#### [What is required]
Set down, exactly and in full, the line holding "secondary structure" and all the lines after it until the listing ends, and nothing else.

#### [Data supplied]
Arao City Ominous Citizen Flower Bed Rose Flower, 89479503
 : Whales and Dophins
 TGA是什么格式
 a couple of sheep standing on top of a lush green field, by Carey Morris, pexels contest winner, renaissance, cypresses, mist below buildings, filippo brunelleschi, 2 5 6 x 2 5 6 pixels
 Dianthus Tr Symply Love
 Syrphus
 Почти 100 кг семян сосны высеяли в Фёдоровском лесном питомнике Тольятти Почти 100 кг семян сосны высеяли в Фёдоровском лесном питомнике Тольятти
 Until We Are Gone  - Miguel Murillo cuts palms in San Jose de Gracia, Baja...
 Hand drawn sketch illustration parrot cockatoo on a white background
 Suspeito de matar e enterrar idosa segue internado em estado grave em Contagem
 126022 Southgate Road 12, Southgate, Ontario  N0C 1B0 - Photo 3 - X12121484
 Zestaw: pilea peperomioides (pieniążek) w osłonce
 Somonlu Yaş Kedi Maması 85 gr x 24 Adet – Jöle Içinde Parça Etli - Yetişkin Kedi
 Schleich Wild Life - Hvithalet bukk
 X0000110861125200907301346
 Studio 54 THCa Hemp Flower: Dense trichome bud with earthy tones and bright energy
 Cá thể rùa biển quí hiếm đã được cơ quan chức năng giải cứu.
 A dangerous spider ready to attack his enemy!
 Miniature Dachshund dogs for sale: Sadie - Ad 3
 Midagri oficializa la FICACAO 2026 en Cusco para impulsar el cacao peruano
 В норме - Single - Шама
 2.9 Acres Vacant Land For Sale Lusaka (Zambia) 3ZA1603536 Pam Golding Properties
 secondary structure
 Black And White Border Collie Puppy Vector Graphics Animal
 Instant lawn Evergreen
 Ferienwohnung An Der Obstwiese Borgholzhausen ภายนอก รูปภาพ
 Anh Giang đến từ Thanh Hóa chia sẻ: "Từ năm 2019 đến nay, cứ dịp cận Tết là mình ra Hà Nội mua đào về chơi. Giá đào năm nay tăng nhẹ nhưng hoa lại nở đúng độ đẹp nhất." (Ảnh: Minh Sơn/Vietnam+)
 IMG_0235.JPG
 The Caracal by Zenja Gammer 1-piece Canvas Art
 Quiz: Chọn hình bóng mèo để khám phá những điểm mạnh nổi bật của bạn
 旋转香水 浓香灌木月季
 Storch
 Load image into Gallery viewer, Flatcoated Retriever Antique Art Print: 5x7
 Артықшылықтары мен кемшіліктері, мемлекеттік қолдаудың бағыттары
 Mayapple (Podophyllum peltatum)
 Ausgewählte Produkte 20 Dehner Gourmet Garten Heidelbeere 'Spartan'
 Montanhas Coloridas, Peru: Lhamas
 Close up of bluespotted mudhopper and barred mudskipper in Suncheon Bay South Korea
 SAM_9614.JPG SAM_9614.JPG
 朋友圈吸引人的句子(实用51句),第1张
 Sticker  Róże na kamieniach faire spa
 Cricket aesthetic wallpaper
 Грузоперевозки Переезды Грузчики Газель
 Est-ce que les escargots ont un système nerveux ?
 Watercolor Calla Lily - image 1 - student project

#### [Result of the task]
 secondary structure
 Black And White Border Collie Puppy Vector Graphics Animal
 Instant lawn Evergreen
 Ferienwohnung An Der Obstwiese Borgholzhausen ภายนอก รูปภาพ
 Anh Giang đến từ Thanh Hóa chia sẻ: "Từ năm 2019 đến nay, cứ dịp cận Tết là mình ra Hà Nội mua đào về chơi. Giá đào năm nay tăng nhẹ nhưng hoa lại nở đúng độ đẹp nhất." (Ảnh: Minh Sơn/Vietnam+)
 IMG_0235.JPG
 The Caracal by Zenja Gammer 1-piece Canvas Art
 Quiz: Chọn hình bóng mèo để khám phá những điểm mạnh nổi bật của bạn
 旋转香水 浓香灌木月季
 Storch
 Load image into Gallery viewer, Flatcoated Retriever Antique Art Print: 5x7
 Артықшылықтары мен кемшіліктері, мемлекеттік қолдаудың бағыттары
 Mayapple (Podophyllum peltatum)
 Ausgewählte Produkte 20 Dehner Gourmet Garten Heidelbeere 'Spartan'
 Montanhas Coloridas, Peru: Lhamas
 Close up of bluespotted mudhopper and barred mudskipper in Suncheon Bay South Korea
 SAM_9614.JPG SAM_9614.JPG
 朋友圈吸引人的句子(实用51句),第1张
 Sticker  Róże na kamieniach faire spa
 Cricket aesthetic wallpaper
 Грузоперевозки Переезды Грузчики Газель
 Est-ce que les escargots ont un système nerveux ?
 Watercolor Calla Lily - image 1 - student project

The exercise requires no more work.